Sweet singing in the choir
Kate Chisholm
You won’t yet have made your New Year resolutions but one thing you might want to add to your list is Join a Choir. It’ll be much cheaper and so much less boring than going to the gym, and yet all that hard work breathing in the right places and struggling to hit top C or gravelling about in bottom G will pump up your cardiovasculars just as effectively. There’ll be no need to sign up for a postChristmas diet because instead you’ll be learning how to strengthen your diaphragm (and what flops over it). And the challenge of hitting all those notes dead-on while standing in front of an audience of hundreds is enough to satisfy anyone’s hunger for competitive sport.
If you start right now, your choir might just be ready for the next BBC Radio Three Choir of the Year in 2008. Although I should not make it sound that simple. The amateur choirs who took part in this year’s final (which was broadcast on Radio Three at the beginning of the festive season) all sang with hugely accomplished professionalism, not a missed note or unintentionally harsh chord between them, and such intense concentration that you could almost hear the static in the air. It was far and away the most inspirational thing I heard at Christmas (with apologies to all those seasonal specials, full of friendly spirits, magical transformations and cuddly animals); a real Grab You By the Ears experience. The musicianship was breathtaking, and the sense of excitement from the audience at the Wales Millennium Centre in Cardiff was palpable (although, unfortunately, we were not given this event live but had to listen to a recording the following day).
The eight choirs gave us some very different musical experiences, from the perky trebles of the Fulham Prep School Chamber Choir (‘Thirty not very large people in a very large auditorium’, as the judges described them) singing a Benjamin Britten arrangement to the funky syncopation of Sense of Sound from Liverpool. I still can’t get their warm harmonic sound out of my head. In their performance of a specially arranged garage hit by Artful Dodger (‘Think About Me’), they made something that was incredibly sophisticated seem really easy, each individual voice carrying its own line, weaving in and out to create such complex rhythms and harmonies, with absolutely no room for error. And not at all what you expect from the English ‘choral’ tradition, which most of us still associate with cathedrals and Christmas carols and boys in white surplices.
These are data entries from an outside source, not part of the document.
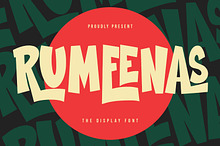 Rumeenas Display Font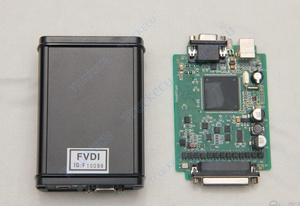FVDI OBD2 Schlüssel programmierer SVCI VVDI2 Lese-und Programm FVDI Abrite Commander für Renault Car Auto Diagnostic Tool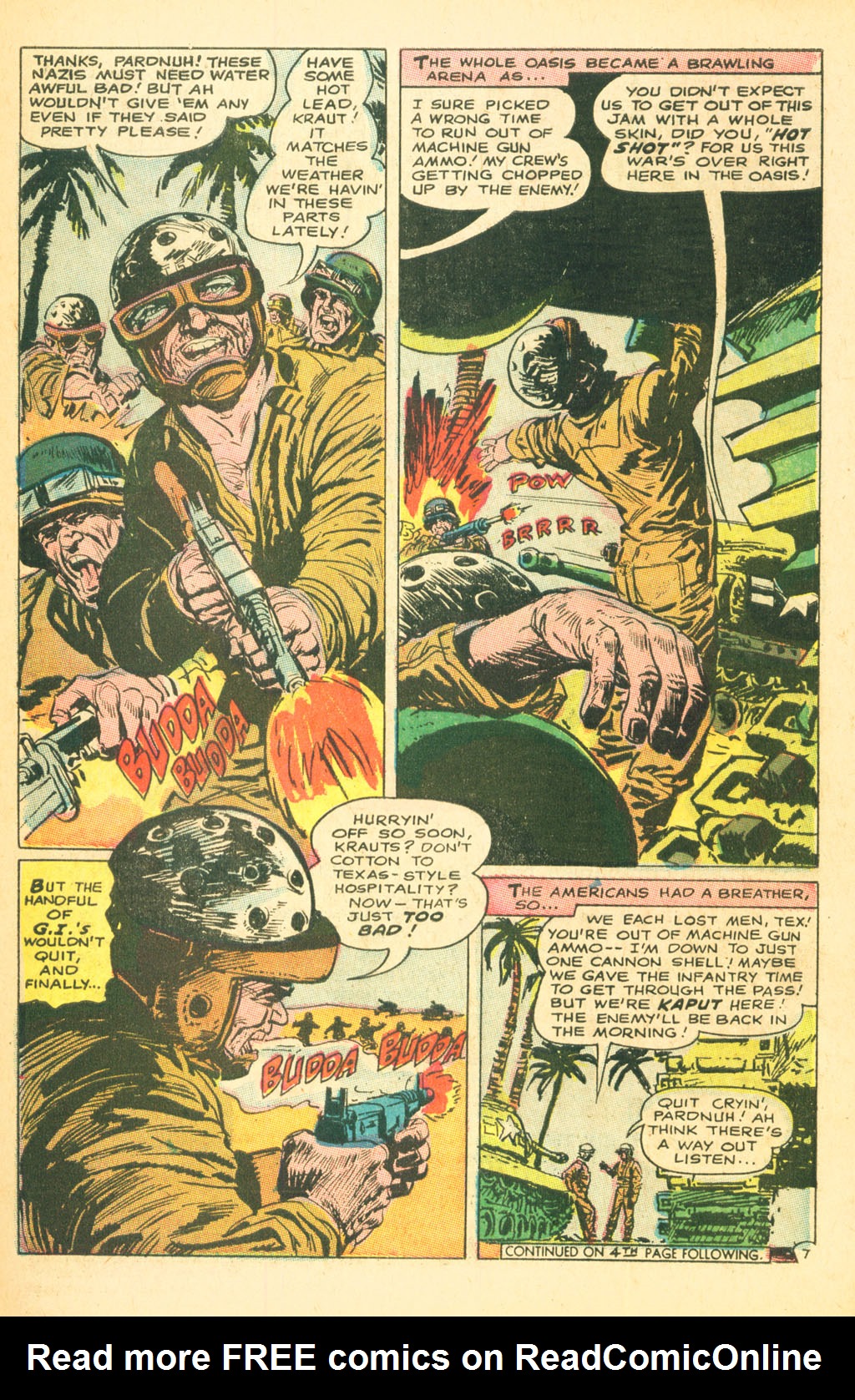 Read online Our Fighting Forces comic -  Issue #113 - 27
What we discovered was that singing is cool (and not the X Factor, Pop Idol variety), that it crosses the generations (the Haddo Combined Treble Voice Choir from Aberdeenshire has an age-range that spans eight decades), and that you can persuade teenagers from very different backgrounds to come together and have fun by doing something rather than hanging around looking for trouble. The Inverclyde schools’ choirs from the west coast of Scotland have been regular visitors to the competition since their foundation in 1998. The mission statement of their founder, Palma Allan, is to foster an enjoyment of singing, something that can be done for free, with no props, no guitars, no mikes, nothing except the human voice and a willingness to work hard. As Howard Goodall (of the recent BBC4 How Music Works series and head of the team of judges) declared, ‘Don’t listen to what people write in the papers about your generation. You are a wonderful generation ... You are friendly, emotionally articulate, collaborative, co-operative, clever and very musical.’ The winners (chosen both by the judges and by the votes of the audience at Cardiff) were, as it happens, an adult choir — Chantage, based in London — but in a way winning was immaterial (apart from the accolade itself and the chance to give the première of a work commissioned specially for them by Radio Three). The final itself was a superb concert of music of such stimulating variety — other competitors included the London Bulgarian Choir, with that unmistakably raucous but joyful sound — and such compelling immediacy that we as listeners felt as if we were there, taking part (or at least I did).
Just a brief mention, too, of another highlight of the season. The 400th anniversary of the first performance of King Lear by the King’s Men in the original Globe Theatre on St Stephen’s Day 1606 was celebrated with a special World Service production that was recorded earlier at the resurrected Globe Theatre in London (and also by a Radio Four discussion on Boxing Day itself). It was a strange experience watching the recording to realise that although the technology now allows such productions to be heard around the globe by up to 42 million people it could have been made in the 1930s. Huge old-fashioned mikes, men in suits, the sound effects created on the spot by a spoteffects operator, who wielded a melon and knife for the infamous eye-gouging scene. And stranger still, then, to listen out via the radio for the map rustling and melon squishing. But the absence of stage action meant that the words had a full-frontal impact. Whatever possessed the King’s Men to perform such an alarming dissection of family relations in the midst of the festive season?